Multiple producers/consumers queue

Hi, I have a problem with queuing jobs into fixed size circular queue when multiple threads can produce new work. I've read a lot about this problem on the web. One way to extend the code Casey wrote is to use two semaphores instead of one (one to wake up consumer threads when there's new job to do and other to wake up producer threads when there's free space in work queue) + mutex for accessing the queue. There are a lot of resources on this topic on the web, I'll put here the shortest video I was able to find:
https://www.youtube.com/watch?v=nxw2y27z0V4

But if I'm understanding this well, implicit in all of these examples is the fact that producers and consumers are separate threads. But in my example thread is both consumer and producer at the same time. To be more concrete, I'm trying to recursively explore a directory structure using multiple threads. I'm using win API FindFirstFileW / FindNextFileW. The code starts from the root directory, and for each directory inside, it puts a new job in the queue. So job == directory. Other threads kick in and they start to pull those jobs. But, if directory has nested directories, thread will want to put new job/s after it finished its job. When I try to run this code on lets say Windows directory, I quickly end up in situation where all threads want to put new job into the queue, but the queue is full so they go to sleep. I don't know if I'm missing something obvious, but I don't think this particular problem can be solved using general abstraction of fixed size circular work queue.

I have two ideas how I might solve this:
1) Use growing queue.
2) Instead of queuing the jobs, each thread dig multiple directories on its own. When it's finished it can go and help other unfinished threads.

Any opinion on this?

P.S. It would be awesome if Casey at some point implements multiple producers/consumers queue on the stream. If not for the game, then for educational purposes.

Thanks,
Vjekoslav

Edited by Vjekoslav on
vjekoslav
2) Instead of queuing the jobs, each thread dig multiple directories on its own. When it's finished it can go and help other unfinished threads.


Wouldn't you still need to queue jobs for other threads to be able to pick them up when they are finished ? Maybe I misunderstood.

I've never done a multiple producer queue, but I think having a growing queue that would never fail to add a job would just be better. It could be a linked list or any other structure that would allow you to reuse entries when a thread as finished processing them.

Edited by Simon Anciaux on
It just seems that you have too many jobs being added to the queue and not enough being removed. The queue ends up filling up eventually. It doesn't matter if producer / consumer threads are different threads or the same thread with "2 modes", as long as the code handles that case, i.e. if a thread can't push more work, maybe it's time to switch modes and start pulling work.

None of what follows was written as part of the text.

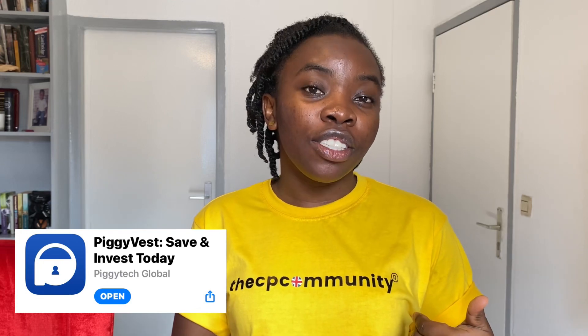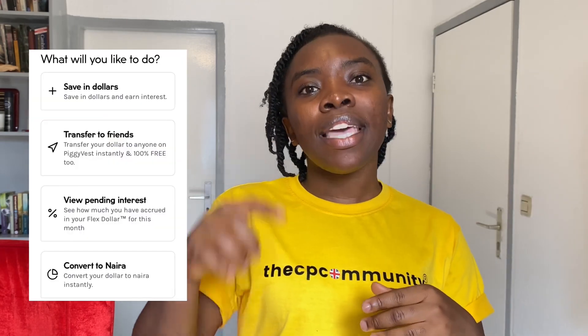The third app I use to save and grow my money is Piggy Vest. If you're Nigerian you might already know it. Piggy Vest is a savings platform that also lets you invest — they have agric investments too — but what I love about it is that I can save money in dollars. I transfer money to Nigeria and save it in dollars to prevent it from depreciating in value. You credit your account and convert that money to dollars, and you earn around seven percent interest per annum on your dollar savings.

The main issue with your threading model is that for each directory you pull from the queue, you add n more directories. The more directories there are, the quicker the queue will fill. There needs to be a balance between the work being removed and the work being added. Or the queue needs to be a lot bigger.
mrmixer
Wouldn't you still need to queue jobs for other threads to be able to pick them up when they are finished ? Maybe I misunderstood.


The way I imagined it is, instead of having queue of jobs I would have a queue of sleeping threads. When thread does its own work it first checks if there are other threads available. If there are, it hands it over to that thread and continue. If there aren't, it just continues on its own, checking each time if there are threads that can help. Size of the queue would then be count of how many threads I have.
So lets say I have 4 threads. I start with one, it discovers 10 new directories. It assigns first three to the other threads and then it continues processing other 7 dirs. Whichever thread is done first it waits until it gets new job from other threads.

mrmixer
I've never done a multiple producer queue, but I think having a growing queue that would never fail to add a job would just be better. It could be a linked list or any other structure that would allow you to reuse entries when a thread as finished processing them.


I already have it working with growing queue. I allocate bigger chunk at start (1MB) and reallocate later if needed. I didn't want to complicate it with linked list. Job is a struct with 2 pointers (16 bytes on x64). My C drive has 170k dirs, so we're talking ~2.5Mb. A lot more space is used to store the actual data about files and directories. And its temporary memory anyway. When iteration is done, memory is freed.
The reason why I don't like this is, even if that is small size on modern pcs, it introduces another theoretical memory failure point which I need to handle. That's why fixed size is cleaner. It means if its able to start, it will finish to the end.


marcc
It just seems that you have too many jobs being added to the queue and not enough being removed. The queue ends up filling up eventually. It doesn't matter if producer / consumer threads are different threads or the same thread with "2 modes", as long as the code handles that case, i.e. if a thread can't push more work, maybe it's time to switch modes and start pulling work.

The main issue with your threading model is that for each directory you pull from the queue, you add n more directories. The more directories there are, the quicker the queue will fill. There needs to be a balance between the work being removed and the work being added. Or the queue needs to be a lot bigger.


Yeah I understand that. That's why I said that this particular problem can't be solved using general abstraction of fixed size circular work queue. Because thread can't only consume the job. It has to produce at the same time. Or it would have to store that data in some other temporary queue. I guess it can't work without growing queue. I just wanted to see if I'm missing something obvious.